Je suis dans le dur, mais ai quand même un pointe de compassion pour la pauvre Maga, qui bien qu’aidée, se voit forcer à passer la côte en surrégime. Je pense même un moment qu’on va la perdre tellement son souffle est difficile et propose de la laisser un peu souffler en haut. Après 50m on est déjà en train de « lui mettre un pied au cul » pour qu’elle avance (honte à nous :oops: )

Longue descente assez roulante dans les bois. Le plus dur est fait, maintenant on déroule jusque l’arrivée. Plus besoin de garder les pieds au sec car on est bientôt arrivé ! On encourage Maga autant qu’on peut. « L’obligeant » à relancer à chaque bosse ou semblant de plat !
« Plus que 2 km » « Allez courage, ca descend tout le temps »…

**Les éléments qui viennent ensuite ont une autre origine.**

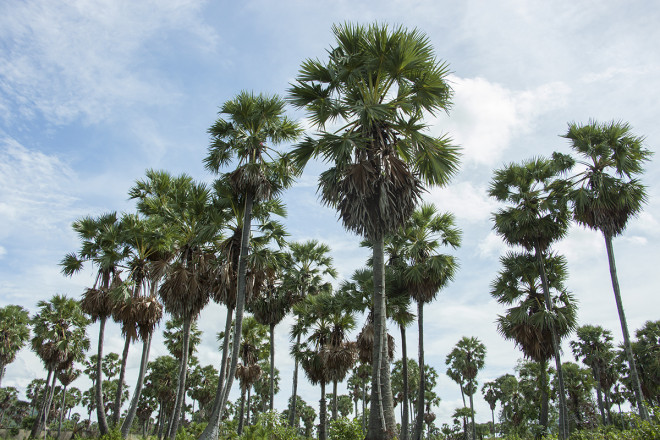 An Giang, “xứ sở của cây thốt nốt”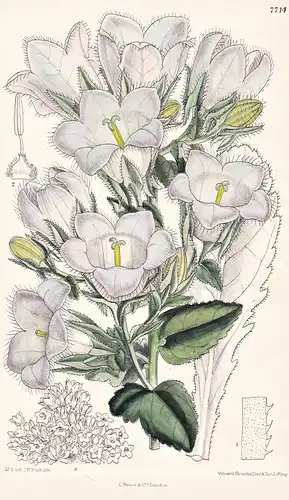 Campanula Mirabilis. Tab 7714 - Caucasus Kaukasus / Pflanze Planzen plant plants / flower flowers Blume Blumen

Tiens, on n’avait pas vu venir ce passage :shock: . Talus en hors piste dans la neige et la boue (hyper casse gueule) suivi d’une descente en dessous du pont de l’autoroute. C’est encore plus casse gueule et on prend notre temps car ca ne sert à rien de prendre des risques inutiles.

Une fois en bas, il ne reste plus qu’à dérouler jusque l’arche d’arrivée … mais de nouveau, pas moyen de laisser la demoiselle tranquille :oops: . C’est en la poussant à plus de 13km/h (ca n’a l’air de rien, mais pour moi, c’est rapide :? ) qu’on ferra ce dernier km.

Et bien, on aura encore passé un bon moment.

Félicitations à Michel et toute son équipe pour cette super première !!!